- _EXCERPTED RECORDS_
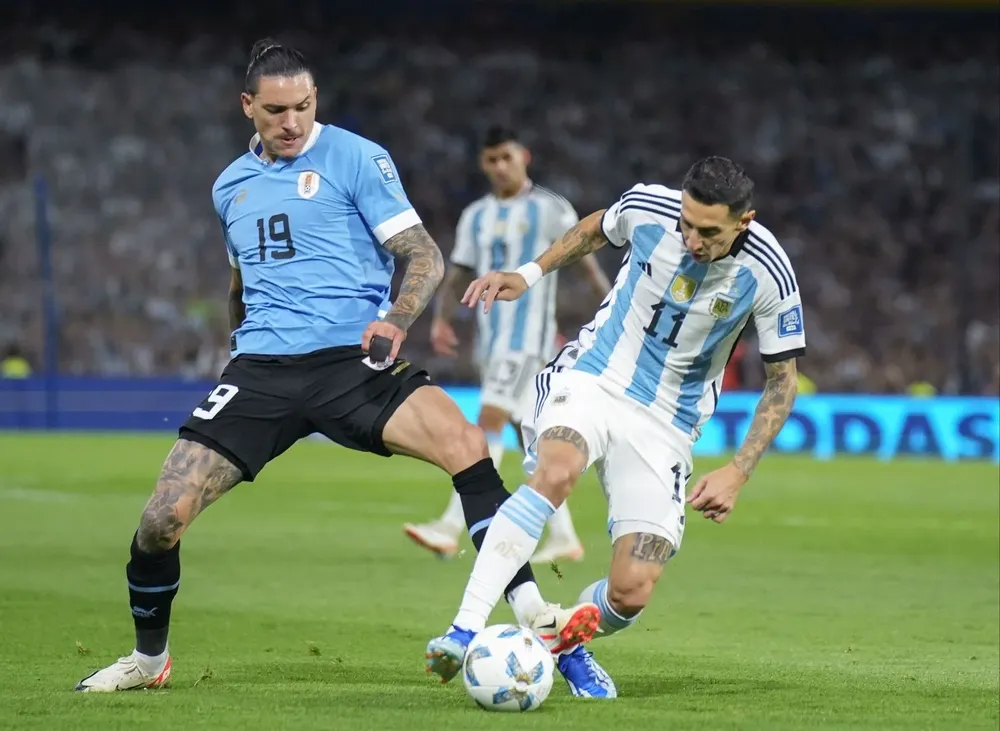 Victoria uruguaya de visitante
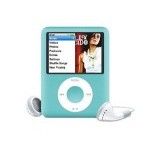 Apple iPod Nano 3G 8Go (Bleu)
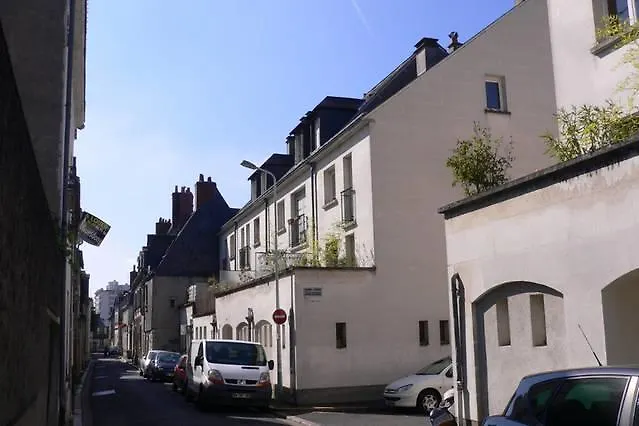 Studio Calme Au Coeur De Tours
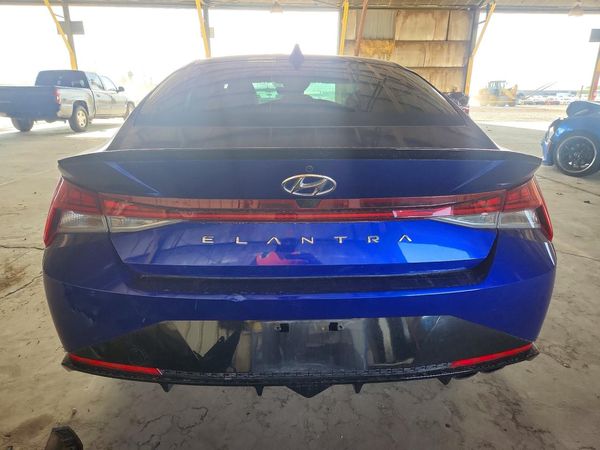 2023 HYUNDAI ELANTRA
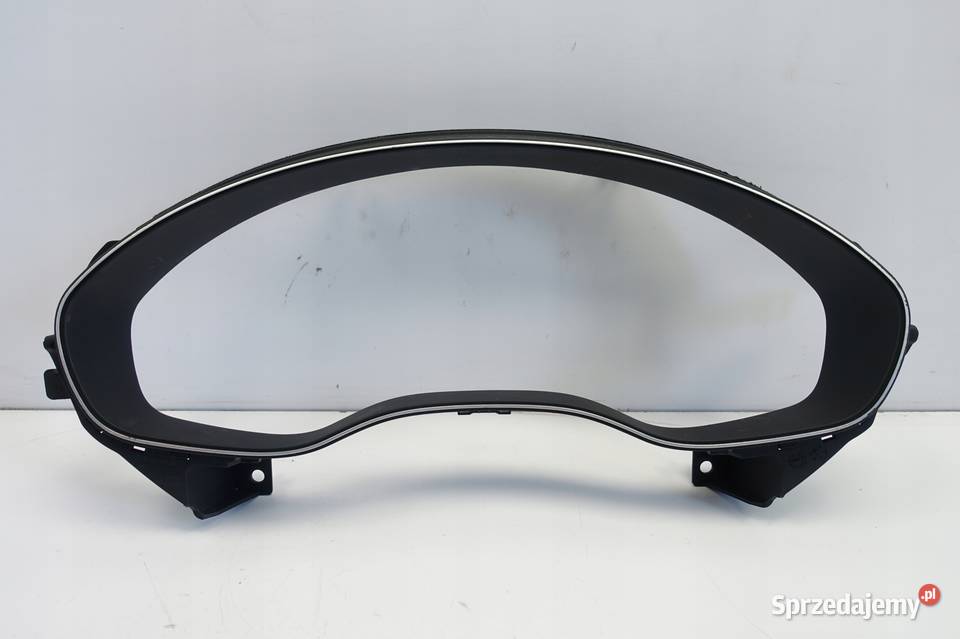 Audi A6 C7 RAMKA OBUDOWA OSŁONA LICZNIKA zegarów Rudka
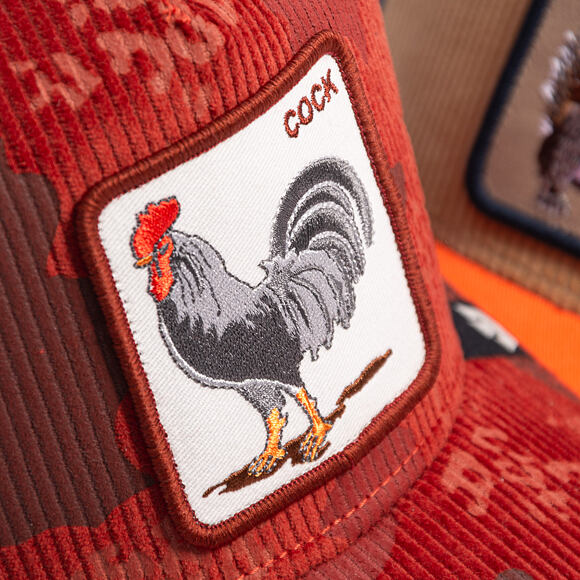 Cap Goorin - Rooster Camo - Solar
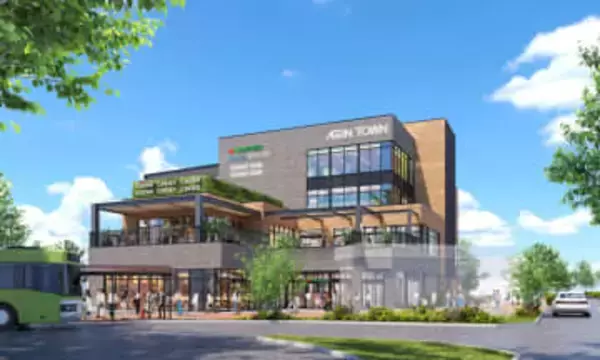 「イオンタウン東浦和」3月28日オープン　駅から徒歩1分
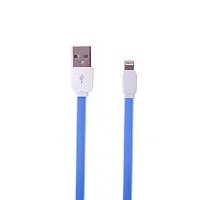 Купить  соединительные шнуры ldnio xs-07/ usb кабель lightning/ 1m/ 2.1a/ blue (ld-b4533) в интернет-магазине iceteh.ru в Орске, Новотроицке, Гае, Домбаровском, Ясном, Адамовке, Кваркено!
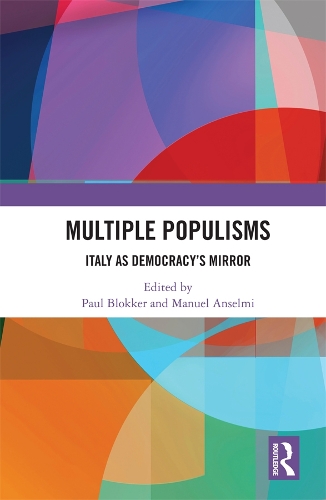 Паперова книга «Multiple Populisms: Italy as Democracy's Mirror» - фото №1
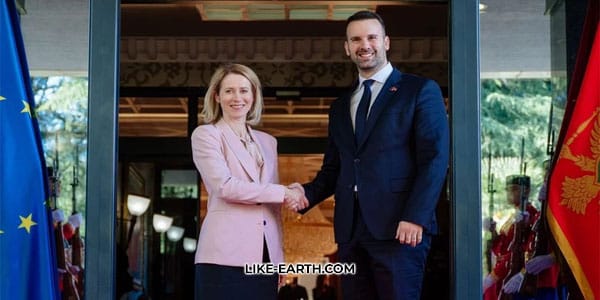 Montenegro Receives Pre-financing from the EU Growth Plan 2025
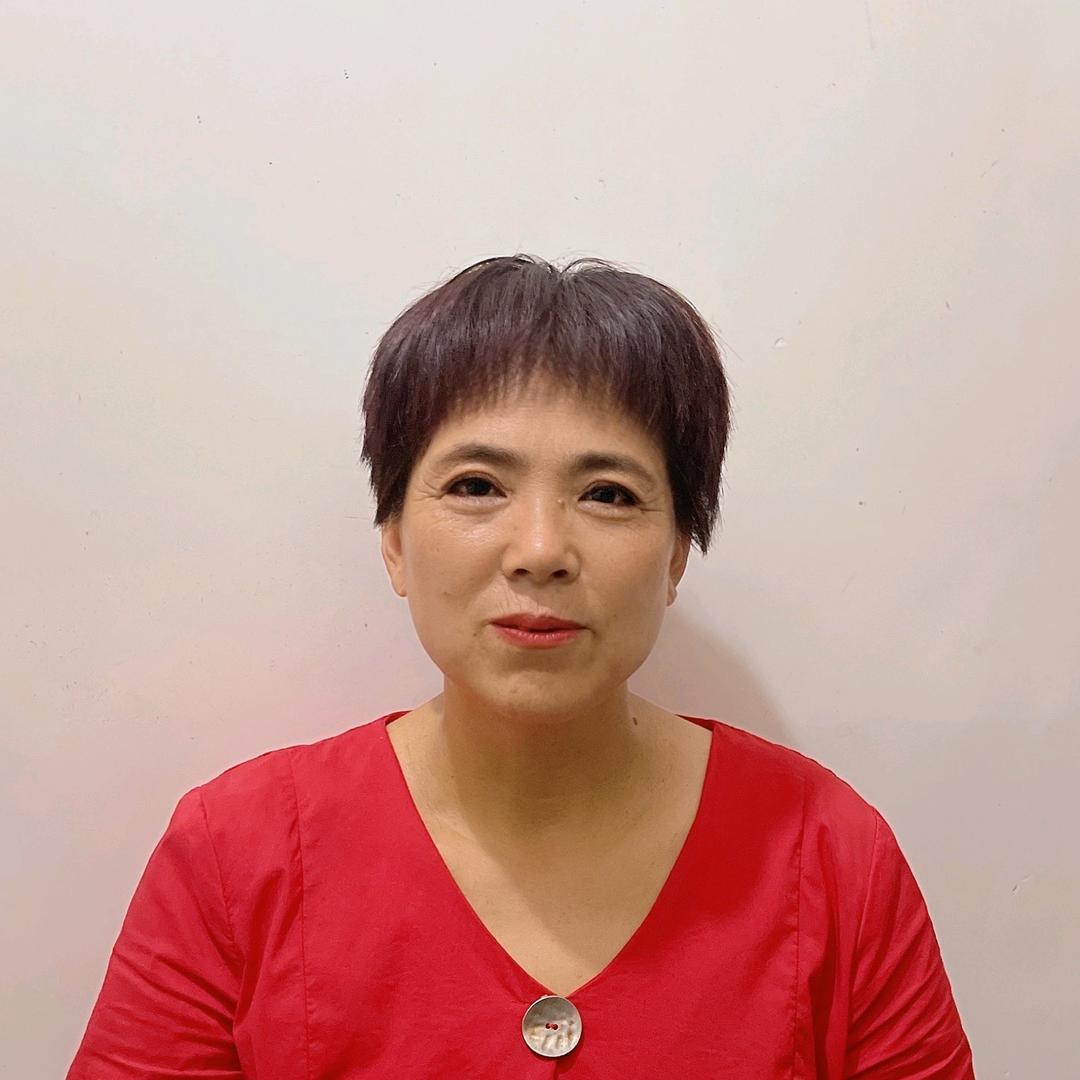 农人红红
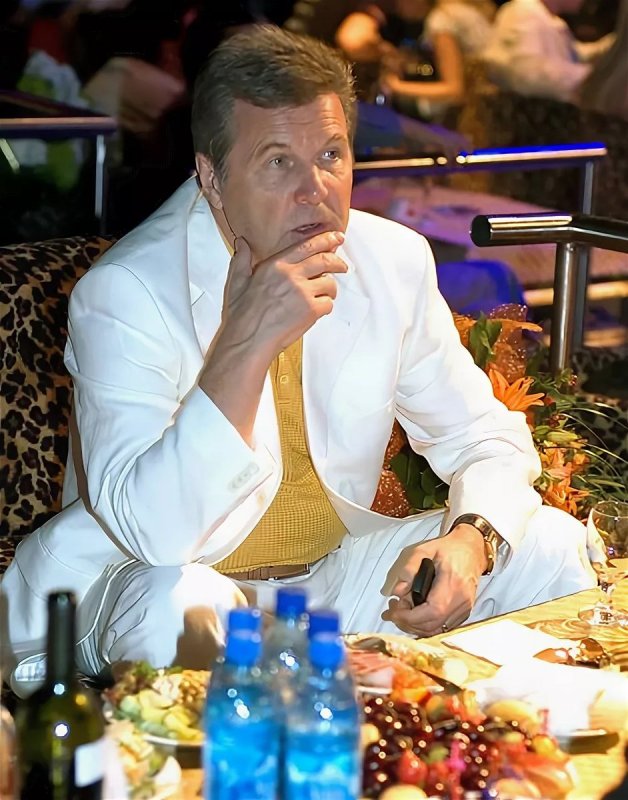 Валерьян Лещенко отец Льва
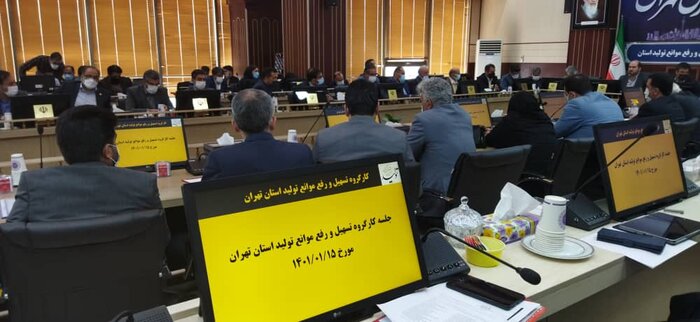 استاندار تهران: گرانی نان در دستور کار نیست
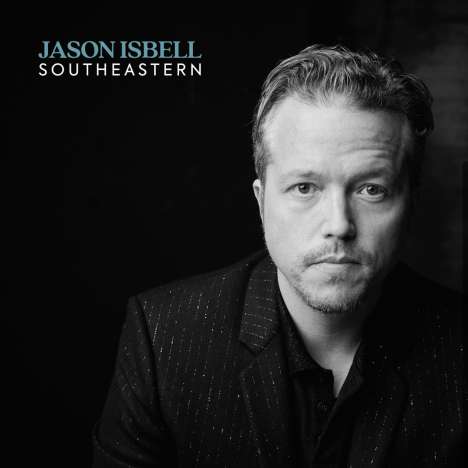Jason Isbell: Southeastern (10th Anniversary) (remastered) (Indie Exclusive Edition) (Transparent Clearwater Blue Vinyl), LP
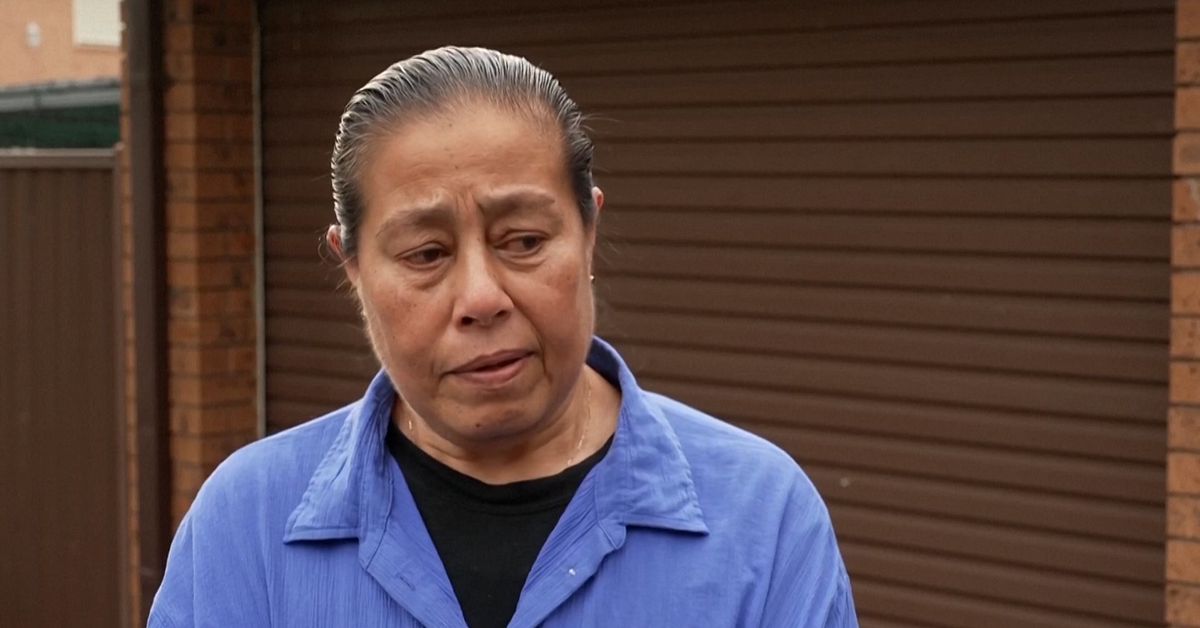 Pappan och sonen misstänks för attacken mot judiska firandet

- _EXERCISE DETAILS_
Would you repeat the entries exactly, but with no pictures?

- _OUTPUT FOR THIS TASK_
 Victoria uruguaya de visitante
 Apple iPod Nano 3G 8Go (Bleu)
 Studio Calme Au Coeur De Tours
 2023 HYUNDAI ELANTRA
 Audi A6 C7 RAMKA OBUDOWA OSŁONA LICZNIKA zegarów Rudka
 Cap Goorin - Rooster Camo - Solar
 「イオンタウン東浦和」3月28日オープン　駅から徒歩1分
 Купить  соединительные шнуры ldnio xs-07/ usb кабель lightning/ 1m/ 2.1a/ blue (ld-b4533) в интернет-магазине iceteh.ru в Орске, Новотроицке, Гае, Домбаровском, Ясном, Адамовке, Кваркено!
 Паперова книга «Multiple Populisms: Italy as Democracy's Mirror» - фото №1
 Montenegro Receives Pre-financing from the EU Growth Plan 2025
 农人红红
 Валерьян Лещенко отец Льва
 استاندار تهران: گرانی نان در دستور کار نیست
Jason Isbell: Southeastern (10th Anniversary) (remastered) (Indie Exclusive Edition) (Transparent Clearwater Blue Vinyl), LP
 Pappan och sonen misstänks för attacken mot judiska firandet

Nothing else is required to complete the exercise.